*RECORDS SHOWN:*
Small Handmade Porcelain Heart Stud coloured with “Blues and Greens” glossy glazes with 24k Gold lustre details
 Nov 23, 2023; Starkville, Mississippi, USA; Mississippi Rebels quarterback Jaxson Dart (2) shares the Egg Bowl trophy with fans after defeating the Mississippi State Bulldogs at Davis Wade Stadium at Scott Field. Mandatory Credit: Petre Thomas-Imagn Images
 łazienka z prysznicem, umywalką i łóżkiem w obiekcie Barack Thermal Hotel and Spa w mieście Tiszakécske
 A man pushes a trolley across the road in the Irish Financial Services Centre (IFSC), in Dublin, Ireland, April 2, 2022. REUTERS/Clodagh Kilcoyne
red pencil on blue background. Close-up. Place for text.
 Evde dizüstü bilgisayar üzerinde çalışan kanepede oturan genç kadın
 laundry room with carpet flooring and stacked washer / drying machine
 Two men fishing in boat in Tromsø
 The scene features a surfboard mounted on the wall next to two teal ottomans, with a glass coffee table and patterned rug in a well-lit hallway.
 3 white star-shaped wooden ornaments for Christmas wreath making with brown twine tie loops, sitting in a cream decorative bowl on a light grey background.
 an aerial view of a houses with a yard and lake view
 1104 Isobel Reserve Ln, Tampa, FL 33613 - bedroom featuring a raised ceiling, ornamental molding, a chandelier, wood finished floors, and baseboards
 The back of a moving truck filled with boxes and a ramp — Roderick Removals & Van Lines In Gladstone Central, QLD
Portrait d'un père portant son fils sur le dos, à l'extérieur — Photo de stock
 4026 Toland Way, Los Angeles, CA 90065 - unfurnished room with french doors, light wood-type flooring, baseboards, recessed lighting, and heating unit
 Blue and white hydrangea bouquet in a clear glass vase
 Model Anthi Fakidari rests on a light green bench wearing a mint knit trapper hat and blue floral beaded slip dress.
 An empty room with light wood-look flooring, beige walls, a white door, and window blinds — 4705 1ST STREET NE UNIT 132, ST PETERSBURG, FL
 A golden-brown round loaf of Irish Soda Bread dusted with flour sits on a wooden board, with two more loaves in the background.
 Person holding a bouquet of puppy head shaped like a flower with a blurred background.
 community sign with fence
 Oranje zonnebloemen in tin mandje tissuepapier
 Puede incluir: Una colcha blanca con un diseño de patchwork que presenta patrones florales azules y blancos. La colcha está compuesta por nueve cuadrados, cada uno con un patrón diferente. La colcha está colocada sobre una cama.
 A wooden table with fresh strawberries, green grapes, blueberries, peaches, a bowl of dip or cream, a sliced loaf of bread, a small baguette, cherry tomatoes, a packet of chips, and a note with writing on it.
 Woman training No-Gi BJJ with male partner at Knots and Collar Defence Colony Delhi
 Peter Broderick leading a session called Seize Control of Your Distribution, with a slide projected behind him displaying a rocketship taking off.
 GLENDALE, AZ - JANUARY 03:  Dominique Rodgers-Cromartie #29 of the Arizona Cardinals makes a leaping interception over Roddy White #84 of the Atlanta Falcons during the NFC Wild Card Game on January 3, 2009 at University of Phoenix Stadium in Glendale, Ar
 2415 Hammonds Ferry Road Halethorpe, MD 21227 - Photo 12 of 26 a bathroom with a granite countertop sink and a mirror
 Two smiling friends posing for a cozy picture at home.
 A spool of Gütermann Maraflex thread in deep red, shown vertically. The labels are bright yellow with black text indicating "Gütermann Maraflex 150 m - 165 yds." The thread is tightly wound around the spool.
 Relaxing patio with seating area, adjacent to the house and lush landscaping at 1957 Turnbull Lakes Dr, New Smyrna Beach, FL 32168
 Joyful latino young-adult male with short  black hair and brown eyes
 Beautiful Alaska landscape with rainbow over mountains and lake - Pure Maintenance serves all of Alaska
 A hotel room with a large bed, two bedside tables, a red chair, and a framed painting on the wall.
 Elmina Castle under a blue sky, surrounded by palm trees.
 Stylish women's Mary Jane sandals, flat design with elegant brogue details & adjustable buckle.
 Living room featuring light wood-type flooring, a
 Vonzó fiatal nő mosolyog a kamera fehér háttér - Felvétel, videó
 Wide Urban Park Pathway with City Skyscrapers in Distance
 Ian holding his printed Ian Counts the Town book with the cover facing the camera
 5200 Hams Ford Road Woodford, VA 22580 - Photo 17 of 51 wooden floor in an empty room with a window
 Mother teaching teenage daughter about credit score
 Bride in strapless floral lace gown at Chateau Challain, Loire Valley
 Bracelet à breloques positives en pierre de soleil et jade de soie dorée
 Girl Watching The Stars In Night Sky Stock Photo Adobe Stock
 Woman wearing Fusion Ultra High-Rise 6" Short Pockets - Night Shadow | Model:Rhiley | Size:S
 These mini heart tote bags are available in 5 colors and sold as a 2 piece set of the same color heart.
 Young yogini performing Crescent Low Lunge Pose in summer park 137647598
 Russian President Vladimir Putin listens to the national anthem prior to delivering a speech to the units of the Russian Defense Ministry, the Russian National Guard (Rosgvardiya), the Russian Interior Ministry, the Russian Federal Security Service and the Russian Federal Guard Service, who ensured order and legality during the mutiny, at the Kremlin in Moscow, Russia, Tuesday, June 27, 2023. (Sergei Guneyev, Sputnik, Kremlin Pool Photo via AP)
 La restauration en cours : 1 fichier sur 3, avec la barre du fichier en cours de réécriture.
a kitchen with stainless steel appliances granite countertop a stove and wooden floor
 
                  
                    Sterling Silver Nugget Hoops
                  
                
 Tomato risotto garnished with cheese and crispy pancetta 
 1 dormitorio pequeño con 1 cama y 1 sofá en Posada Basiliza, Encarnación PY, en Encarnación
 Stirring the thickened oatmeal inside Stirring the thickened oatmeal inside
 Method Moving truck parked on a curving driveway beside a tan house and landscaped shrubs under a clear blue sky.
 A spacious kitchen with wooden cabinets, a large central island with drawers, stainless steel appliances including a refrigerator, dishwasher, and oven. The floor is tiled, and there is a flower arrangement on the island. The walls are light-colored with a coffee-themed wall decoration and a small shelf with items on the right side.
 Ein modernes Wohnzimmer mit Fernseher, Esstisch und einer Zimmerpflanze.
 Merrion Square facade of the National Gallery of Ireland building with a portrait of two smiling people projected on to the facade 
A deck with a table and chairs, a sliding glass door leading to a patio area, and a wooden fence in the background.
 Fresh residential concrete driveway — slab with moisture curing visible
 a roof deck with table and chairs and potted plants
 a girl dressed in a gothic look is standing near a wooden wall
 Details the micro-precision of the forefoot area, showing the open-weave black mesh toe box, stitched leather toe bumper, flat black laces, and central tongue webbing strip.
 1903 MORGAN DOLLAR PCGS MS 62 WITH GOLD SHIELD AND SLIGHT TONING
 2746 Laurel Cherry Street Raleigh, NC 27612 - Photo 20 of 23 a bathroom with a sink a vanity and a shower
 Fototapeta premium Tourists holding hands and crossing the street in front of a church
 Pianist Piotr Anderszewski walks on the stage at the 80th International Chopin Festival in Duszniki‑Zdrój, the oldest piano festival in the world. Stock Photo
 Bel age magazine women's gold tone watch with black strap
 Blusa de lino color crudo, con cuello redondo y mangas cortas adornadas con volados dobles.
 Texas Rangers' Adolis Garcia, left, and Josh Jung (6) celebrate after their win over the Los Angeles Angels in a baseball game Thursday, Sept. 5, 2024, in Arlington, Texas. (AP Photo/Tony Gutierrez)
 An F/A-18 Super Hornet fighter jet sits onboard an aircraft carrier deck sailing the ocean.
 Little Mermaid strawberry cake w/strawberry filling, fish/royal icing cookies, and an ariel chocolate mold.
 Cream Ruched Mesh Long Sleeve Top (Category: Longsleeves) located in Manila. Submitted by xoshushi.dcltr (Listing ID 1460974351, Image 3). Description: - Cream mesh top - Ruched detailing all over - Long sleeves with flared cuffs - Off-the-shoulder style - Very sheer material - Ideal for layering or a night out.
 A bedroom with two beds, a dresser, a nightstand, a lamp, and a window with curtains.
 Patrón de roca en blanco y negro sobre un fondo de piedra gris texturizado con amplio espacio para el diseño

*EXERCISE OBJECTIVE:*
Please print the records above exactly from their first line. End with the line containing "Oranje zonnebloemen in", and include it.

*EXPECTED ANSWER:*
Small Handmade Porcelain Heart Stud coloured with “Blues and Greens” glossy glazes with 24k Gold lustre details
 Nov 23, 2023; Starkville, Mississippi, USA; Mississippi Rebels quarterback Jaxson Dart (2) shares the Egg Bowl trophy with fans after defeating the Mississippi State Bulldogs at Davis Wade Stadium at Scott Field. Mandatory Credit: Petre Thomas-Imagn Images
 łazienka z prysznicem, umywalką i łóżkiem w obiekcie Barack Thermal Hotel and Spa w mieście Tiszakécske
 A man pushes a trolley across the road in the Irish Financial Services Centre (IFSC), in Dublin, Ireland, April 2, 2022. REUTERS/Clodagh Kilcoyne
red pencil on blue background. Close-up. Place for text.
 Evde dizüstü bilgisayar üzerinde çalışan kanepede oturan genç kadın
 laundry room with carpet flooring and stacked washer / drying machine
 Two men fishing in boat in Tromsø
 The scene features a surfboard mounted on the wall next to two teal ottomans, with a glass coffee table and patterned rug in a well-lit hallway.
 3 white star-shaped wooden ornaments for Christmas wreath making with brown twine tie loops, sitting in a cream decorative bowl on a light grey background.
 an aerial view of a houses with a yard and lake view
 1104 Isobel Reserve Ln, Tampa, FL 33613 - bedroom featuring a raised ceiling, ornamental molding, a chandelier, wood finished floors, and baseboards
 The back of a moving truck filled with boxes and a ramp — Roderick Removals & Van Lines In Gladstone Central, QLD
Portrait d'un père portant son fils sur le dos, à l'extérieur — Photo de stock
 4026 Toland Way, Los Angeles, CA 90065 - unfurnished room with french doors, light wood-type flooring, baseboards, recessed lighting, and heating unit
 Blue and white hydrangea bouquet in a clear glass vase
 Model Anthi Fakidari rests on a light green bench wearing a mint knit trapper hat and blue floral beaded slip dress.
 An empty room with light wood-look flooring, beige walls, a white door, and window blinds — 4705 1ST STREET NE UNIT 132, ST PETERSBURG, FL
 A golden-brown round loaf of Irish Soda Bread dusted with flour sits on a wooden board, with two more loaves in the background.
 Person holding a bouquet of puppy head shaped like a flower with a blurred background.
 community sign with fence
 Oranje zonnebloemen in tin mandje tissuepapier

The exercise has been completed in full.